EXERCISE DETAILS
Copy nothing but the lines below running from the line containing "Beautiful Nativity set" through the line containing "La Diócesis del", both end lines included.

RECORD EXTRACTS
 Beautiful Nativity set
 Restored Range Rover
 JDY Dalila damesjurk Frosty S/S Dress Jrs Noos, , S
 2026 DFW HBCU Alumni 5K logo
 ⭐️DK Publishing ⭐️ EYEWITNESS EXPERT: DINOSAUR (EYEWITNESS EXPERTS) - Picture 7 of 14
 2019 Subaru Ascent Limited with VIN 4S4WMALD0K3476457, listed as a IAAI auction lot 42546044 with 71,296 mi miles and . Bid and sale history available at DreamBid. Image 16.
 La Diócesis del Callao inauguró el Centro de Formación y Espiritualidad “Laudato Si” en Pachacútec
--
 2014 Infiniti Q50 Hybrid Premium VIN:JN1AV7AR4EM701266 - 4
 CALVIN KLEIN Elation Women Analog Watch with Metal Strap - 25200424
==
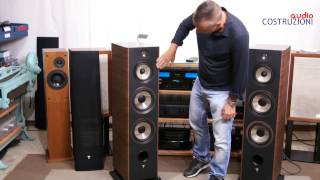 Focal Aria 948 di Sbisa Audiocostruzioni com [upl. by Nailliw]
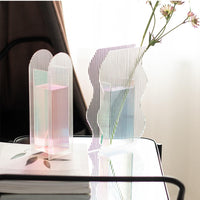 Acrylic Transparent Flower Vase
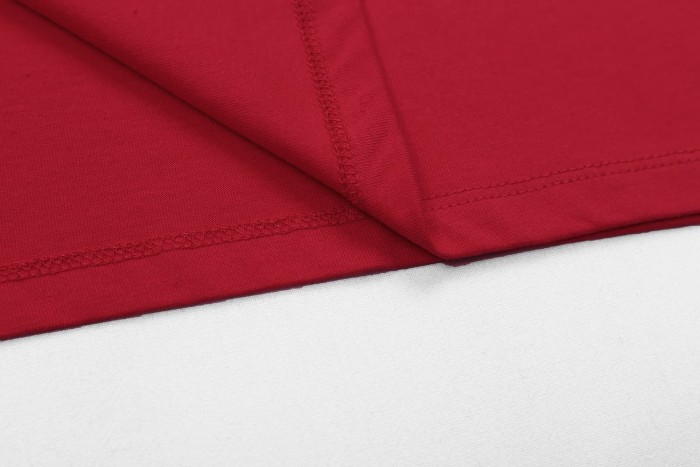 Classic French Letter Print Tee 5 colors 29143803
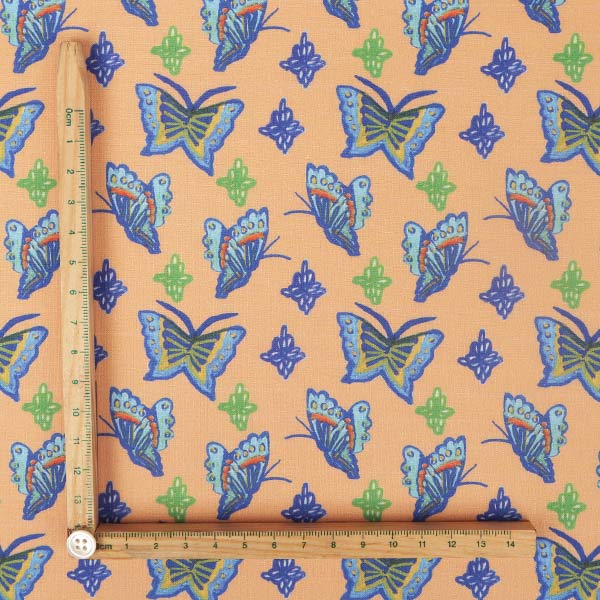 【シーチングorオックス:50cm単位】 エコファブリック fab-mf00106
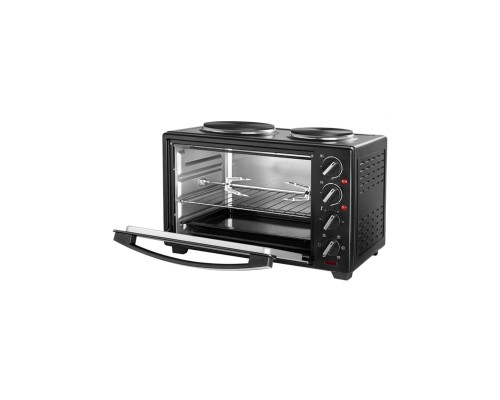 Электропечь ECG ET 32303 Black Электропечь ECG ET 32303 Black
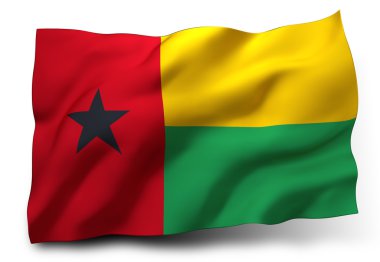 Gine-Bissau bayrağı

ANSWER FOR THE TASK
 Beautiful Nativity set
 Restored Range Rover
 JDY Dalila damesjurk Frosty S/S Dress Jrs Noos, , S
 2026 DFW HBCU Alumni 5K logo
 ⭐️DK Publishing ⭐️ EYEWITNESS EXPERT: DINOSAUR (EYEWITNESS EXPERTS) - Picture 7 of 14
 2019 Subaru Ascent Limited with VIN 4S4WMALD0K3476457, listed as a IAAI auction lot 42546044 with 71,296 mi miles and . Bid and sale history available at DreamBid. Image 16.
 La Diócesis del Callao inauguró el Centro de Formación y Espiritualidad “Laudato Si” en Pachacútec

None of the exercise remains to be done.